Dalam konteks riwayat hadist tentang kemabrurah Haji , Nabi SAW ditanya oleh seorang sahabat,”wama birul hajj ya Rasululloh SAW ? Apa sebenarnya kebaikan haji  itu wahai Rasul Alloh?”
Beliau Rasulullah SAW bukannya menjawab dengan menyebut ritual –ritualnya,seperti Thawaf, Sa’i, Wuquf di Arofah , Tahalull,dan lain sebagainya. Nabi SAW malah menjawab ada tiga hal kebaikan haji yang lebih banyak berkaitan dengan hubungan baik sesama jama’ah atau bisa juga kita artikan tiga hal ini sebagai haji mabrur.
Pertama, Tiybul kalam (ucapan yang baik). Kedua, it’amut tho’am (memberi makan, loman) dan ketiga : Ifsyaus Salam (menebarkan salam. Dari ketiga hal ini , kita dapat memahami ternyata seorang yang mabrur hajinya tidak hanya memilki kekhuyu’an yang total kepada Allah SWT. Tapi dia juga mampu mengontrol lisannya untuk berkata kecuali hal-hal yang baik , memiliki kepekaan sosial yang tinggi terhadap sesama ,  sekaligus senantiasa menebarkan salam yang juga berarti kedamaian yang pasif juga kedamaian aktif.
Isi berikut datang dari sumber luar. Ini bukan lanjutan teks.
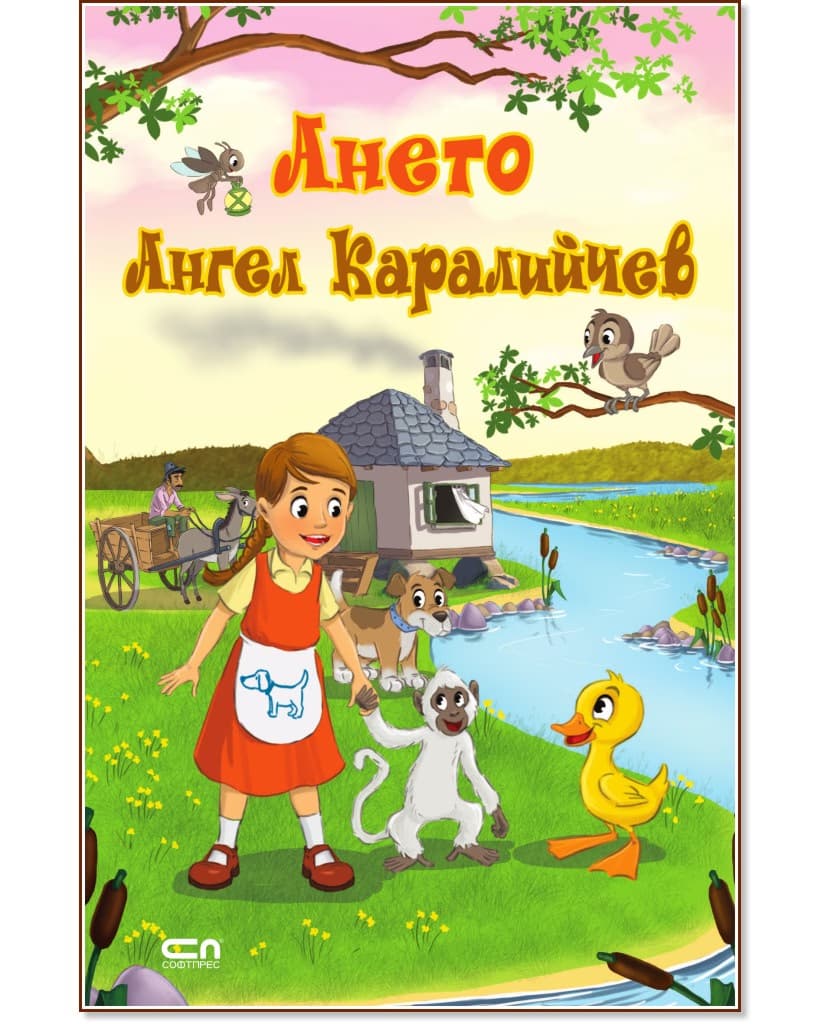 Корица на „Ането" — Ангел Каралийчев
Imam al-Hasan r.a pernah ditanya apakah sebenarnya haji Mabrur? Jawabnya yaitu jika engkau telah pulang , kamu menjadi orang  yang  yang zahid (Tidak terbelenggu dalam cinta dunia) dan bersemangat untuk mencapai kebahagiaan abadi di akhirat. (Zuhud) tidak berarti anti materi , tapi kesanggupan rohani untuk mengalahkan ambisi pribadi, keserakahan kepemilikan benda, serta kebanggaan eksistensial. Hal tersebut di atas. Hal tersebut di atas memberikan gambaran yang konkret kepada kita, betapa pentingnya memahami filosofi “ruh ibadah haji” agar kita mampu mengaktualisasikan dalam kehidupan sehari-hari.
Semoga saja kaum muslimin yang saat ini sedang menjadi duta Allah SWT akan  pulang kembali ke tanah
airnya dengan membawa , ”wa hajjun mabrur, wa sa’yun masykur wa dzanbun magfur wa tijarotun lan tabur. Selamat jalan wahai para tamu Allah dengan semangat talbiyah yang senantiasa mengiringi mu “Labaik Allohuma Labbaik.”  Hamba datang memenuhi panggilan Mu ya Alloh Jalajalluhhu warohmatuhu, hamba datang memenuhi panggilan-Mu.